In this lab, you will use the birth and death information you collected last week at the cemetery to develop a life table to citizens of Logan, UT. Rather than build a single life table using all of the data, you will divide the data into smaller groups based on each individual’s sex and the time period that they lived. This will allow you to learn about how patterns of survivorship differ between males and females and how those patterns have changed over time.
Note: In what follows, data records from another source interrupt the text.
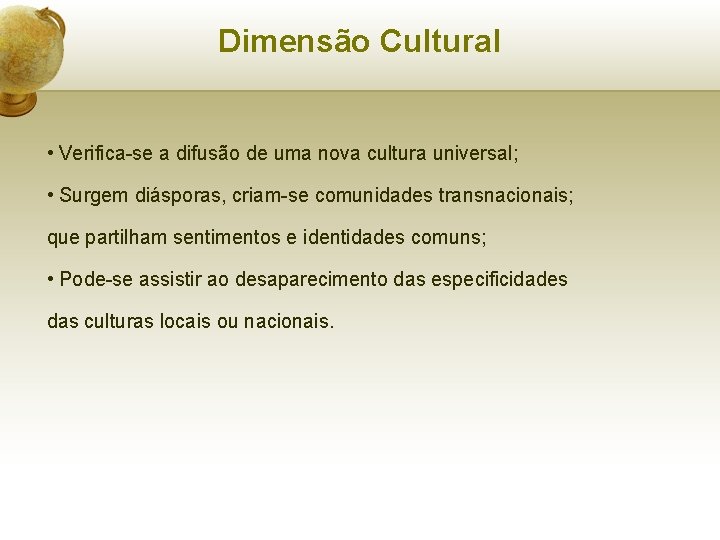 Dimensão Cultural • Verifica-se a difusão de uma nova cultura universal; • Surgem diásporas,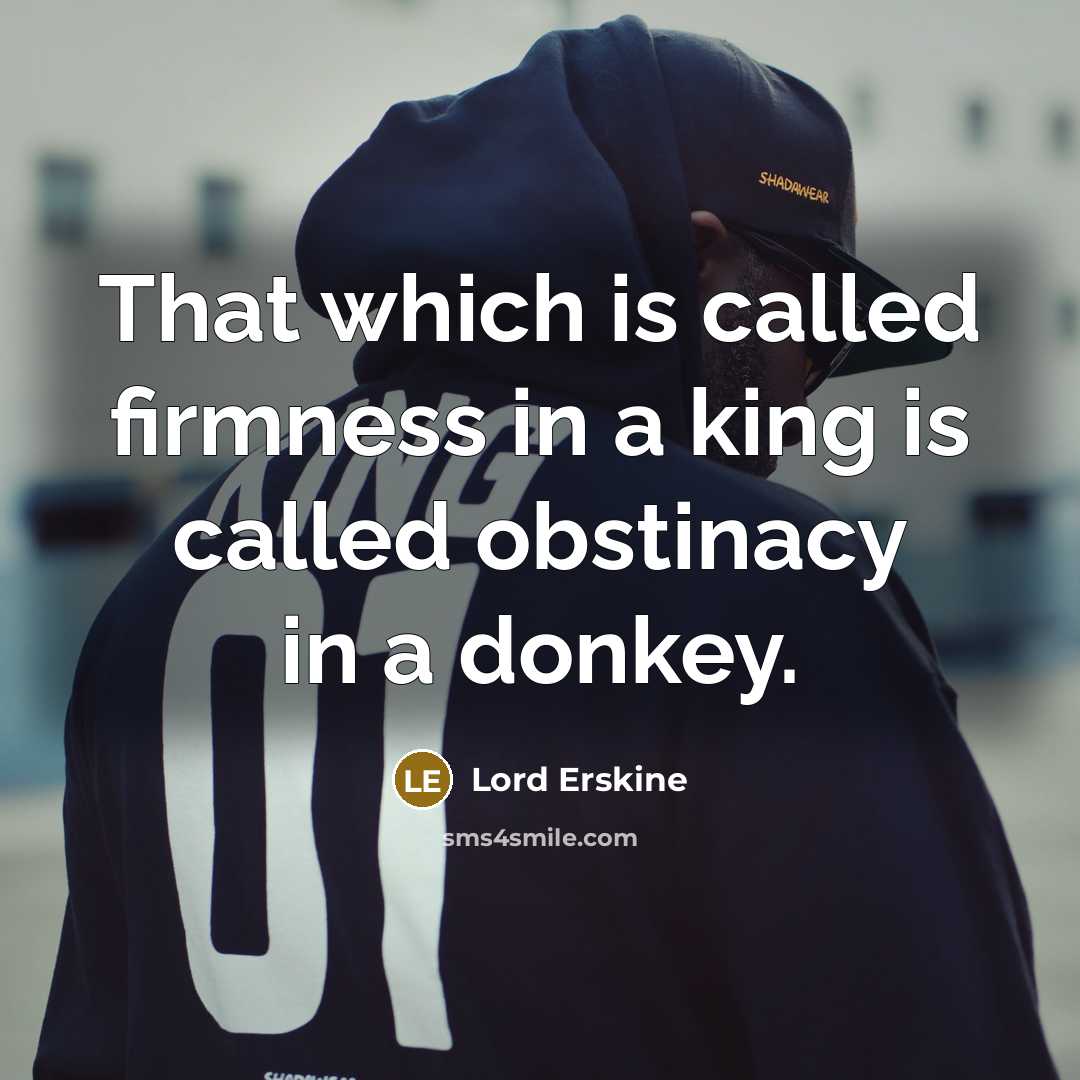 “That which is called firmness in a king is called obstinacy in a donkey.” quote by Lord Erskine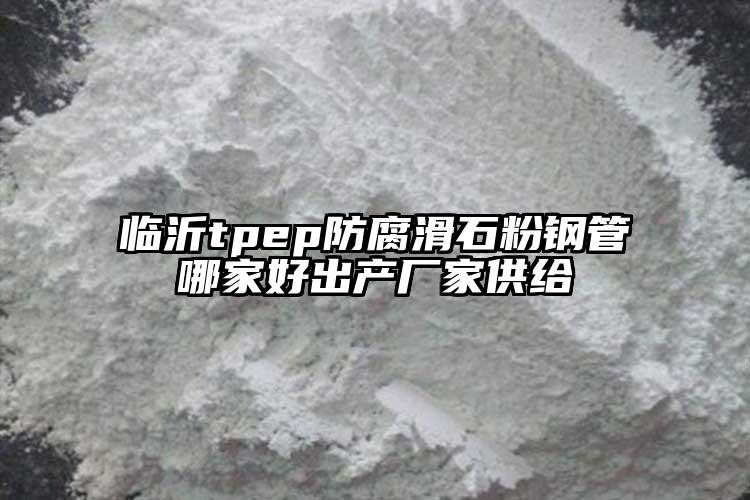 臨沂tpep防腐滑石粉鋼管哪家好出產(chǎn)廠家供給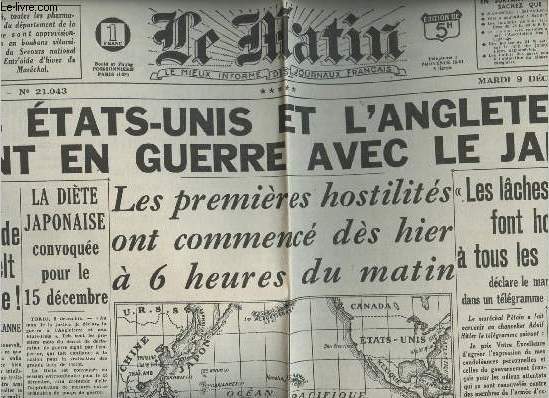 A la une - Fac-simil 39- vol.5 -Le Matin 58e anne n21043 mardi 9 dc. 41 - Les Etats-Unis & l'Angleterre sont en guerre avec le Japon- La dite japonaise convoque pour le 15 dc. - 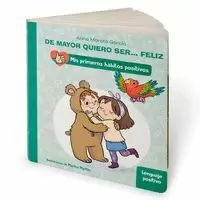 DE MAYOR QUIERO SER FELIZ EL LENGUAJE POSITIVO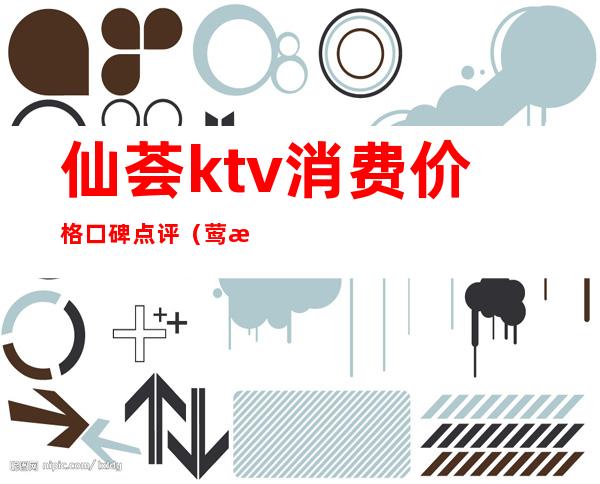仙荟ktv消费价格口碑点评（莺歌荟ktv怎么样）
This lab will help get you started on how to build the life table from the cemetery data. You will then complete the exercise as part of this week’s homework assignment. If you complete the entire assignment during lab, that is fine. Otherwise, you will need to complete the assignment on your own.


Objectives

  • Build a static life table from birth and death information

  • Explore how patterns of survivorship differ among males and females

  • Explore how patterns of survivorship have changed across time

  • Practice subsetting data frames in R using dplyr::filter() and bracket notation

  • Practice adding data to a data frame using dplyr::mutate() and for loops

  • Practice vizualing data using ggplot2


Set up

  1. Log in to R Studio Cloud

  2. Create a new project called LastnameFirstname-Lab5


Note: You will use the homework 5 template to complete the rest of this lab activity. You can copy the code below to your assignment template to start the assignment. However, you do not need to copy code the prints objects, only the code the creates or manipulates the objects.


Reading in the data

All of the birth and death data you collected last week has been compiled and included as a data frame in the WILD3810 package. You can read the data by copying the following lines to the first chunk in your homework 5 template (note, you do not need to copy the head(lt_data) line to your homework):

library(WILD3810)
data("lt_data")
head(lt_data)
byear dyear sex
1834 1905 Male
1871 1958 Male
1822 1916 Male
1875 1965 Male
1859 1874 Male
1866 1905 Male

Adding age at death

The head() function shows the first 6 rows the lt_data object, allowing us to see that there are 3 columns:

  • byear: The birth year of each individual

  • dyear: The death year of each individual

  • sex: Whether the entry corresponds to a male or female

To build the life table, we will need at least one more piece of information \(-\) age at death. We can roughly estimate age at death as dyear - byear (for the most accurate ages we would want to include day and month in this calculation but just using year will be accurate enough for our purposes).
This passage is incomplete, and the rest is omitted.